Tombstone is famous for the shoot-out at O.K. Corral. It is an event that is re-enacted daily.  A deadly conflict between a gang who stole cattle from ranchers and law enforcement has given Tombstone a place in history. The Earp brothers all assumed roles as lawmen and ended up in a confrontation with the Cowboy gang. Wyatt is probably the most famous of the Earp brothers. Interwoven into the history of the area is a love affair between Doc Holliday and Big Nose Kate. If you see her picture, you can tell she was aptly named! An interesting and generally unknown fact is that Doc Holliday was a cousin by marriage to Margaret Mitchell, author of Gone With the Wind.
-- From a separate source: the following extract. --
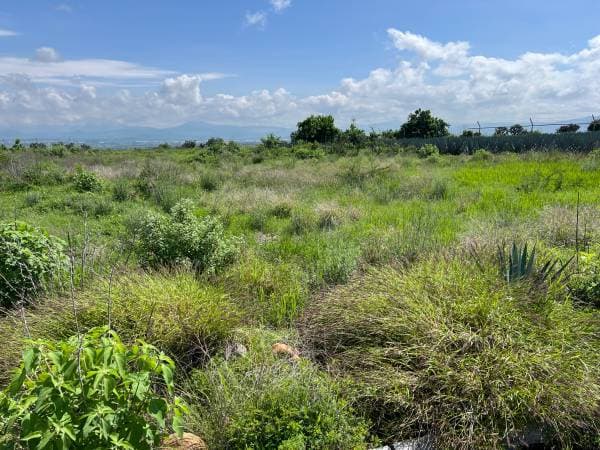 Lomas del Sur 1000M2 - Image 5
The longer one spends researching the history of a place like Tombstone, the more connections can be made with other famous Americans of the day.
Crystal Palace Saloon

Of the 110 saloons in Tombstone, the Crystal Palace Saloon and Big Nose Kate's Saloon are probably two of the most famous. Both are still a part of the Tombstone scene, open daily and frequented by dozens of curious tourists who visit there. The ambiance and decor of each of them is much the same as it was in the late 1880's. Authenticity reigns in Tombstone.
Cowboy Garb

In the present time, Tombstone holds connections that tie our family together with memories. A cousin of eight years old visited the town on a girls trip with me and my mom and mother-in-law. A few years later, she was married in true western style at a Tombstone church. And an interesting man we knew from a church nearby played an authentic role as an actor in scenes from the town's history. Trips with our kids to this western community have proven fun over the years. Lessons in history are much more easily learned with such colorful object lessons.
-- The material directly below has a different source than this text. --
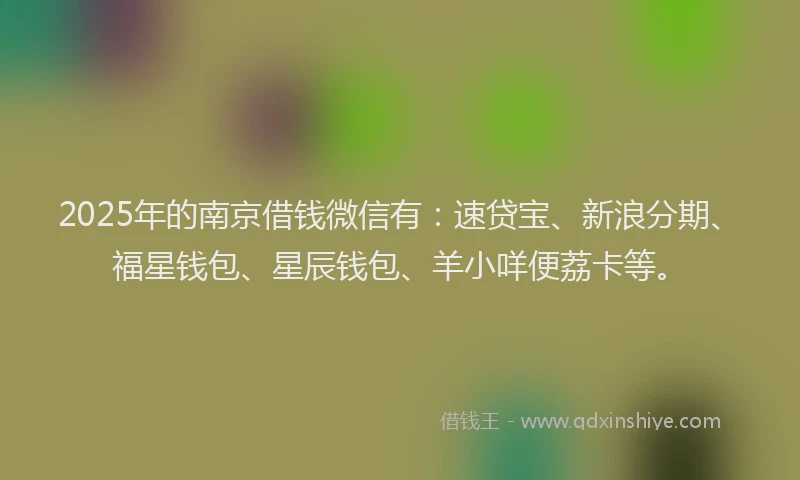 2025年的南京借钱微信有：速贷宝、新浪分期、福星钱包、星辰钱包、羊小咩便荔卡等。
Wooden boardwalks line Main Street

But, where does the tea come in? As we walked along Main Street, I was surprised to see a small little shop at the entrance to a shooting gallery. Inside was a friendly woman who was dressed in frontier garb. Teapots and baked goods were displayed at the back of her small eating establishment. Could it be? Would it be possible to have tea in Tombstone? Yes! And she was happy to share about her experience.
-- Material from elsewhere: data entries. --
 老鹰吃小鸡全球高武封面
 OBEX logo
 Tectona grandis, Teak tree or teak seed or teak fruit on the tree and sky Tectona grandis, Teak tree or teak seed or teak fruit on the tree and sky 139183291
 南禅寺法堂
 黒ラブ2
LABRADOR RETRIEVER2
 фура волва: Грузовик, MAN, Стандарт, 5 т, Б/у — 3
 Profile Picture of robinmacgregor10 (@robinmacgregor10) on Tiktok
Opening day of Buns & Guns

It just happened to be the opening of her very first day in her quaint little cafe and bakery. She'd earned her way, carefully dressing with authenticity and baking homemade treats in a rented space in a commercial kitchen. For two years she was a walking bakery, carrying baskets of her home-baked goodies up and down the boardwalks, selling them to passers-by. A city committee oversees each business, making sure they meet the standards of authenticity that they require as part of the historic portions of their town. She worked carefully to meet the requirements and after her years of hard work, she was finally able to rent a space where she could open her store-front cafe. She told me that she was the first bakery in 100 years in Tombstone.
Favorite teapot
Buns & Guns

I admire her hard work and enthusiasm for her tasks! And I hope that the next time I am privileged to visit Tombstone, that she is still there and that her business is thriving! It's wonderful that a cup of tea can now be found in Tombstone!
The soda bar

I've shared pictures from the bar at a Tombstone saloon, and a bakery bar that serves tea just down the street. It's only right that I share one last bar before the tour of Tombstone is over. Down at the end of the street the soda bar was filled with kids, enjoying sodas and ice cream. It appears that Tombstone has something for every one's taste! If you ever have a chance to visit Tombstone, I recommend it. And be sure to take time to go off the beat and track. Sometimes the best places are those that are not the most touristy places, but rather the nooks and little places along the way. Explore and enjoy!